DATA RECORDS:

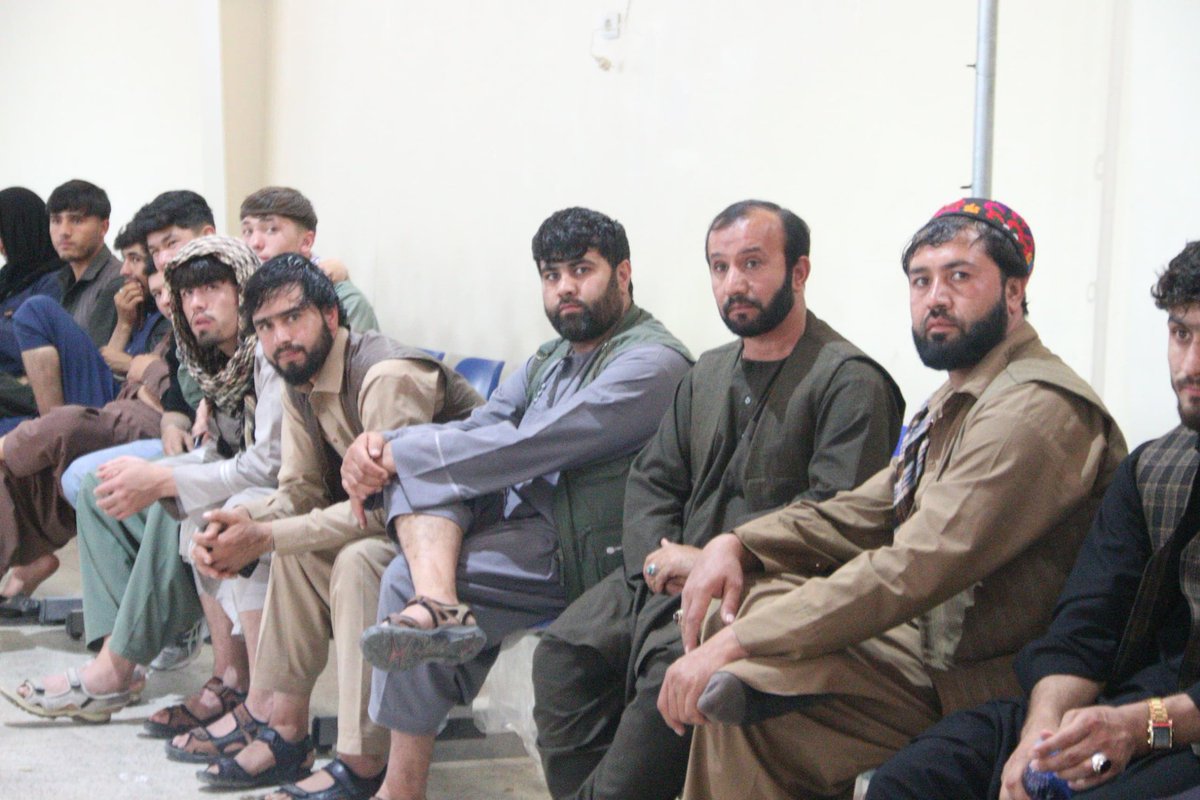 برگزاری مسابقات پهلوانی جام‌گل ارغوان با حضور بیش از چهارصد ورزشکار در پروان

۲۹ حمل ۱۴۰۴ – ۱۸ شوال ۱۴۴۶

مسابقات پهلوانی زیر نام جام گل ارغوان با حضور مفتی محمد ادریس انوری، والی پروان و اشتراک بیش از چهارصد ورزشکار از هشت ولایت کشور، به میزبانی پروان برگزار شد.

مفتی محمد ادریس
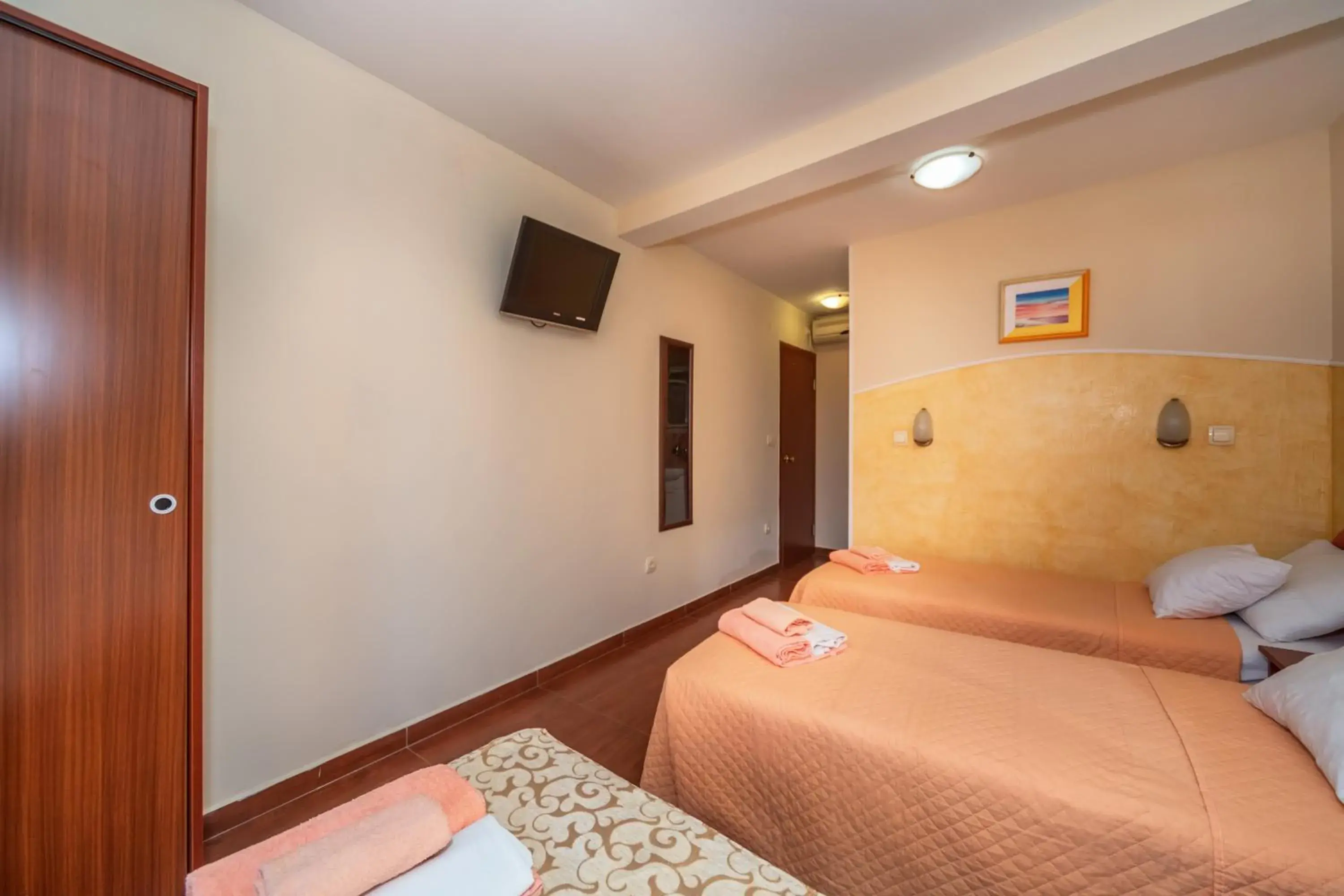 Triple Room in Apartments Pod Lozom with Seaview Triple Room in Apartments Pod Lozom with Seaview
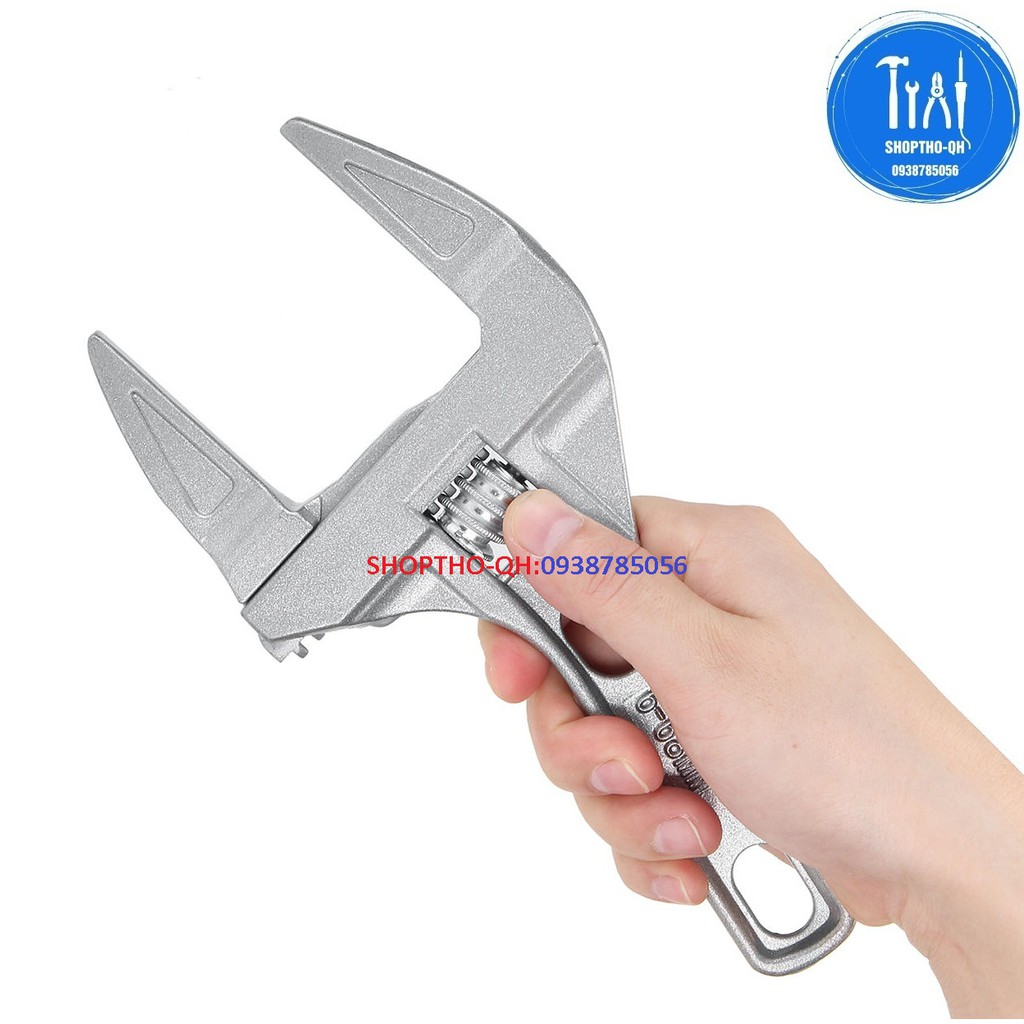 Cờ lê đa chức năng dài 200mm có miệng rộng 68 mm và có thể điều chỉnh.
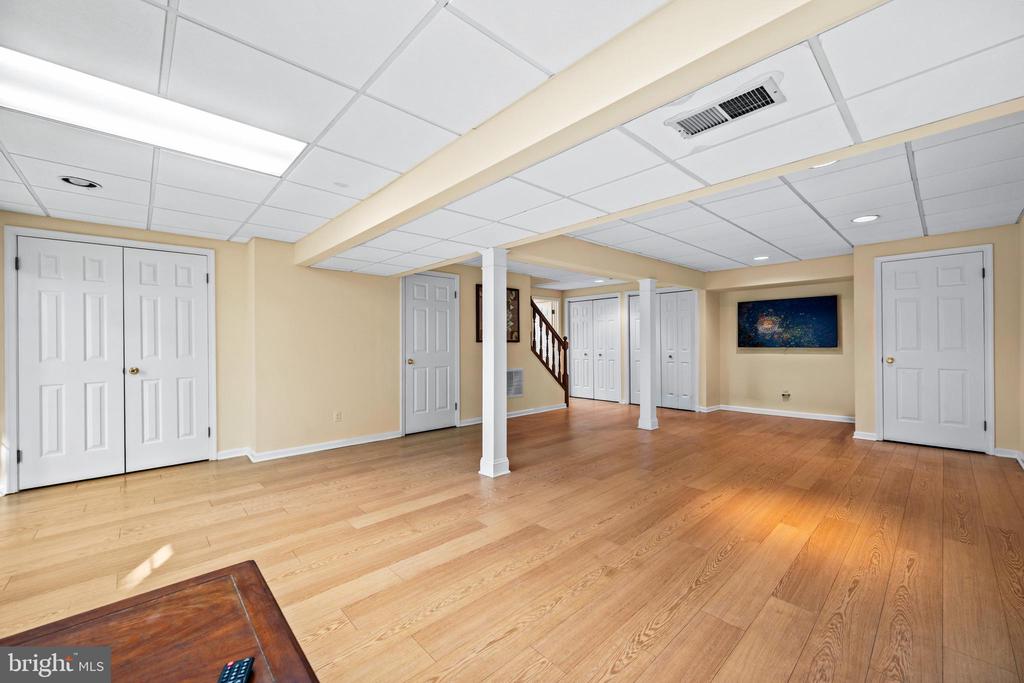 3672 MEADOWVALE ROAD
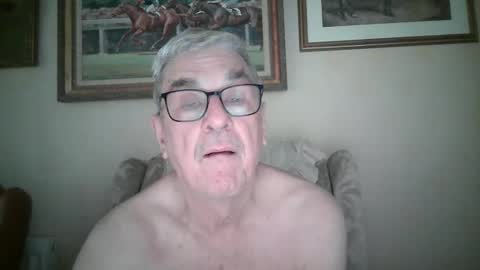 Snapshot of whitebriefs009 chatting on 12/21/25, 09:38 whitebriefs009 online show from 12/21/25, 09:38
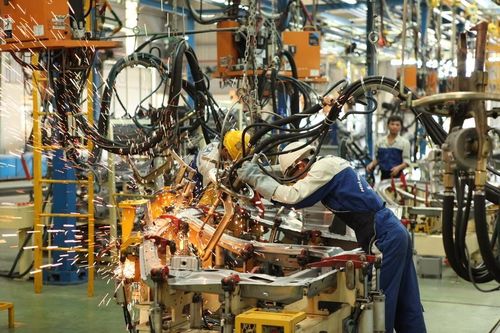 'Bắt tay' với doanh nghiệp FDI để kết nối sản xuất linh phụ kiện trong nước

ABOUT THIS EXERCISE:
Return the full set of lines above word for word and with no pictures.

ANSWER BOX:
 برگزاری مسابقات پهلوانی جام‌گل ارغوان با حضور بیش از چهارصد ورزشکار در پروان

۲۹ حمل ۱۴۰۴ – ۱۸ شوال ۱۴۴۶

مسابقات پهلوانی زیر نام جام گل ارغوان با حضور مفتی محمد ادریس انوری، والی پروان و اشتراک بیش از چهارصد ورزشکار از هشت ولایت کشور، به میزبانی پروان برگزار شد.

مفتی محمد ادریس
 Triple Room in Apartments Pod Lozom with Seaview Triple Room in Apartments Pod Lozom with Seaview
 Cờ lê đa chức năng dài 200mm có miệng rộng 68 mm và có thể điều chỉnh.
 3672 MEADOWVALE ROAD
 Snapshot of whitebriefs009 chatting on 12/21/25, 09:38 whitebriefs009 online show from 12/21/25, 09:38
 'Bắt tay' với doanh nghiệp FDI để kết nối sản xuất linh phụ kiện trong nước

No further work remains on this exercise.